We have already expanded into the B and R space. So we are pretty well positioned there and get going. On the planning side, if you take reasonably one of our key projects, and that's a project that I mentioned before, we helped a major mobile phone producer to set with half a year to set up an entire new factory. We simulated that new factory, which is a robot driven factory with our robot studio software and got that going. On the PLM side, we are partnering with others.
So I think application software that could be the one or the other acquisition coming in, but we are not desperate to have that. And then the 4th bucket is software platform. If you take software platform, we have the partnership with Microsoft altogether globally on cloud, and that's going super well. It also helps us with cybersecurity because cybersecurity is today a clear differentiating factor. Combining our capabilities with Microsoft, you see the one or the other competitor now copying that model because it's very, very powerful.
On AI, we partner on the one hand with IBM, but also with smaller players to really get that going and drive that. And the 3rd part on platform is really a partnership with HP and retail on the edge side, where we are one of the few or basically the only large scale industrial player that can provide edge solutions for cloud services through hardware and software to industrial customers and get going. So I think we'll be on a good track together all together on the software path, And we have grown it very strongly. As you see, ABILITY is really off to a strong start. The customers love it.
We have a very different approach than most of our competitors here because we go from a solution base where we combine domain expertise, agnostic software and application and engineering know how, which really differentiates us and creates a lot of value to the customers. Now let me hand over to Timo for the second question, and I'll come back later on with portfolio.
Yes, okay. So a quick one on the investments to growth. So as you see, we are at approximately the same level as where we were in Q1 sequentially. And of course, because these are mainly fixed cost type of investments, so you don't ramp them up or down that quickly. So we would expect that this would continue around these levels.
I checked your point that this was €49,000,000 Q3 last year. So compared to that, we would expect it to be a bit higher. But then if you look at the content of the number, we would expect that the digital will continue to grow and the other items maybe go down a little.
And then taking your last question on Power Grids and Portfolio, we took the decision in 2016 to we're on a track for about €1,000,000,000 profit in this business. We're we're on a track for about €1,000,000,000 profit in this business. We have turned it around. It's growing again. So I think it's much, much worth today, and it proves to be a good decision that we have kept it in the portfolio.
Now in the last couple of years, we were really, really active, not only with Power Grid, but also with other elements of our transformation.
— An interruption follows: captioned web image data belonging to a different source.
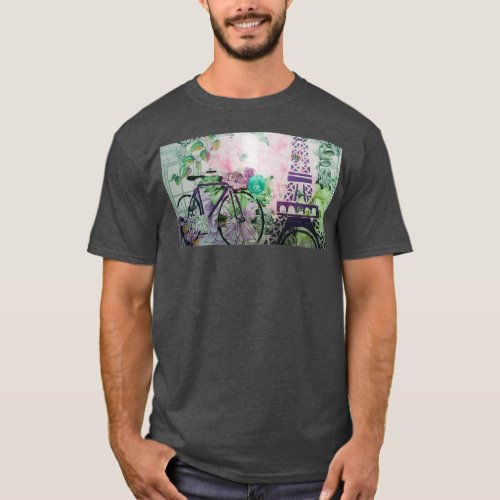 Bicycle in Paris Art Long  T_Shirt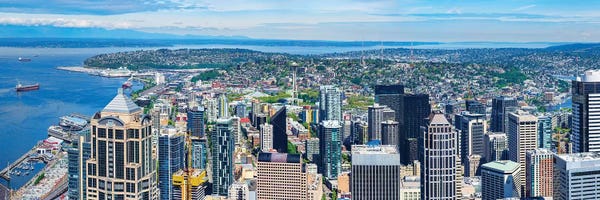 Seattle: Space Needle Tower Seen From Sky View Observatory - Columbia Center, Seattle, Washington State, USA by Panoramic Images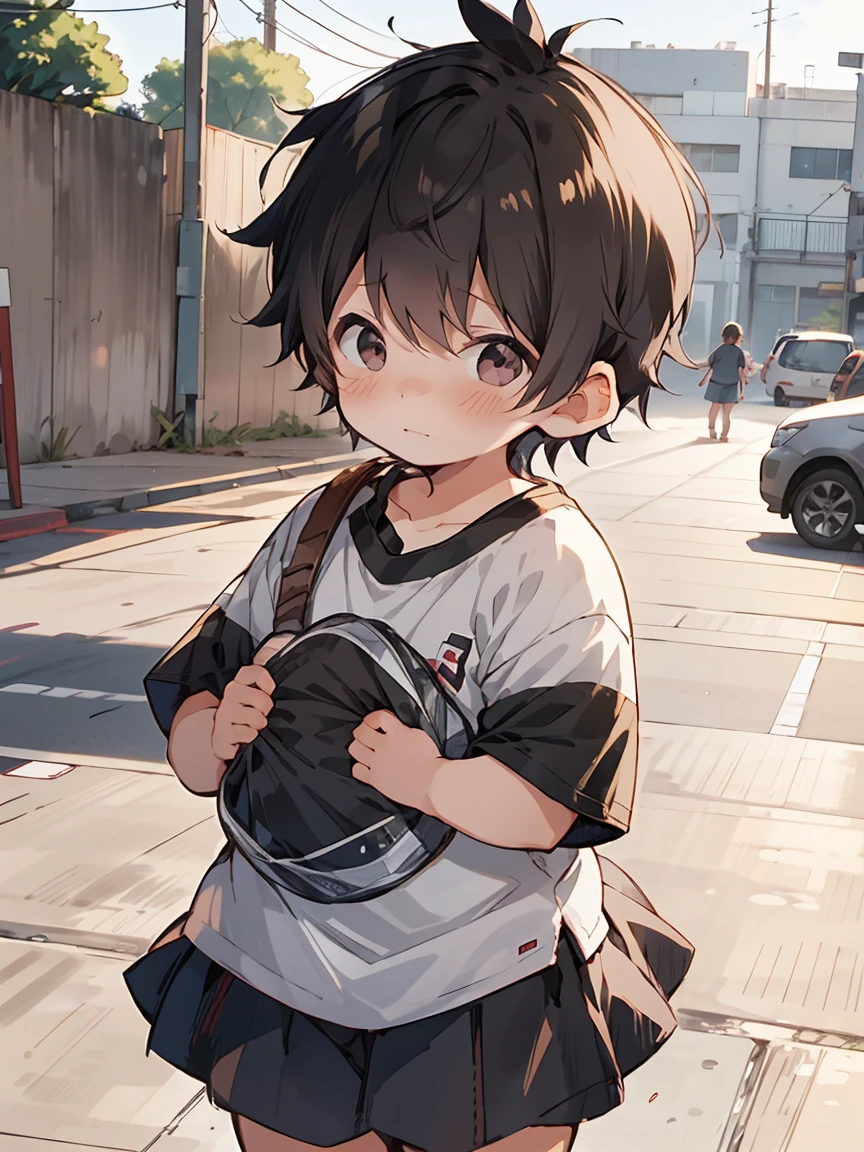 1 boy(black hair,black eyes, (happy), child, petite, embarrassed, in heat, (plump), feminine boy, (((shota)))), cheerleader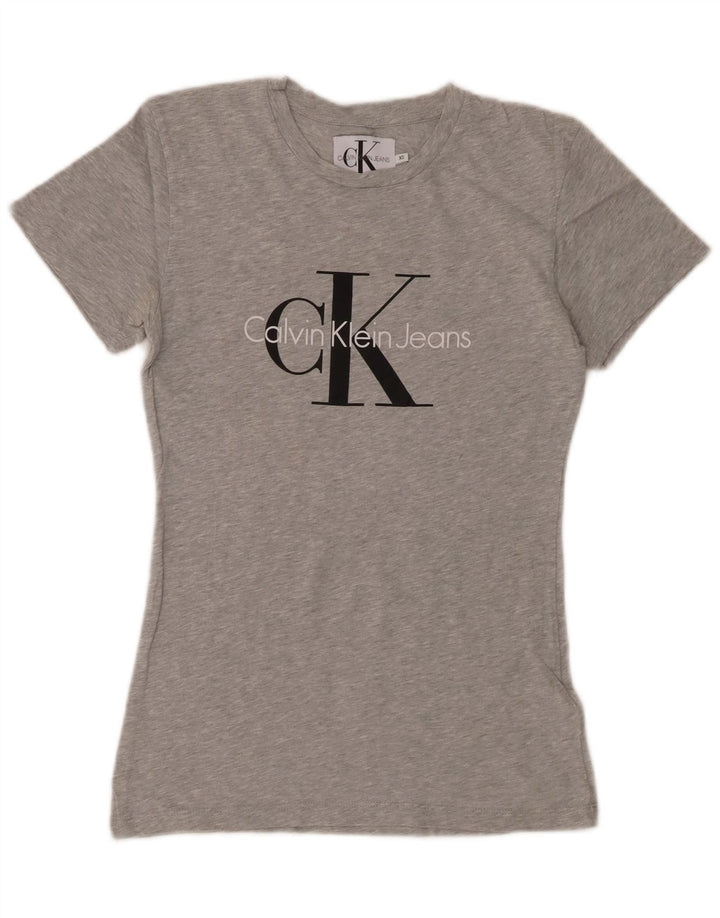 Camiseta feminina CALVIN KLEIN JEANS com estampa gráfica UK 6 XS algodão manchado cinza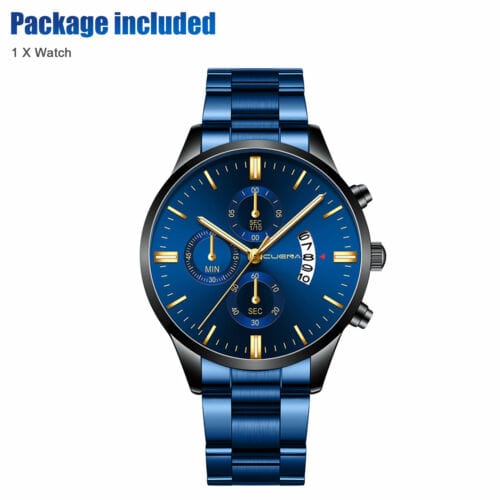 Classic Stainless Steel Quartz Men's Waterproof Relojes De Hombre Wristwatch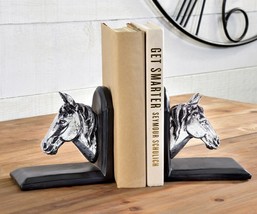 Silver Horse Head Bookends Set 5" High Brown Bases Country Library Books Read image 2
And we did a lot of things in terms of active portfolio management already, but we would not say that our portfolio is now cast in stone. We will continue to shape ABB, and we will continuously look for opportunities to shift the center of gravity of our company and really drive more profitable growth and continue to streamline and strengthen ABB. The guiding principle will be, as in 2016, always to what creates most value long term for our shareholders, and that applies for the entire portfolio.
Thank you, Simon. Next question, please.
The next question comes from Andreas Willi from JPMorgan. Please go ahead.
Yes. Good afternoon, Uli, Timur, Tarek and Ches. I have a few follow-up questions on GIS. You gave the revenue number for the second half of the year, which is very helpful for our models. Given that we don't know seasonality of this business also in terms of profitability first half, second half, maybe you could help us a little bit what kind of full year run rate is for that business?
And the second question on GIS is on the split of the costs. So the integration costs are a bit higher, but you're saying that 80% or below the line versus 50% when you announced the deal. And obviously, back then, it was €200,000,000 earmarked for investments into the product offering and similar things, which are kind of operating and not restructuring charges. So what happened to that €200,000,000 number given that you basically maintained the message on the 2020 margin for the division, but now have lower costs above the line. So I just try to reconcile that.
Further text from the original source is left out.